On Tue, Dec 13, 2011 at 09:42:46AM +0900, Masayoshi MIZUMA wrote:
> update 068 to reproduce an unfreeze hanging up problem which is unfreeze
> function, thaw_super(), sometimes hangs up if flush kernel thread does
> writeback to the same filesystem concurrently.

That's not exactly what I asked to be done when I reviewed the
original patch -  I asked you to "make 068 generic" because it
already exercises freeze/thaw under a stressful workload. What I
expected was a change to "supported_fs" and the scratch mkfs
command so it will run on all filesystems.
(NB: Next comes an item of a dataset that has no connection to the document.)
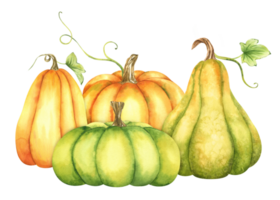 Ripe orange and green pumpkins and leaves. Farm organic autumn vegetables. Autumn decoration. Isolated. Watercolor illustration. It is perfect for thanksgiving and halloween cards or posters png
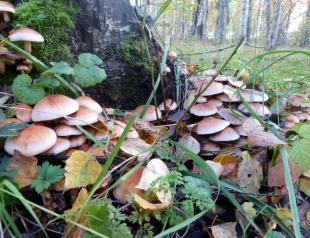 Сопливые грибы но не маслята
test 068 will catch problems like the one your specific test
catches, but maybe not every time. Test 068 will catch problems your
test case won't, though - it's a trade-off between having lots of
tests that are similar but slightly different (difficult to
maintain, increases runtime, etc), and having one test that
exercises the functionality in a simple manner likely to detect
problems.

Test 068 is likely to detect problems because it:

	a) allows fsstress to try to do stuff while the filesystem
	is frozen by waiting a short time before thawing, hence load
	processes can get stuck either during the freeze of once the
	freeze is complete. Without that window, we are much less
	likely to test opeations on a frozen filesystem.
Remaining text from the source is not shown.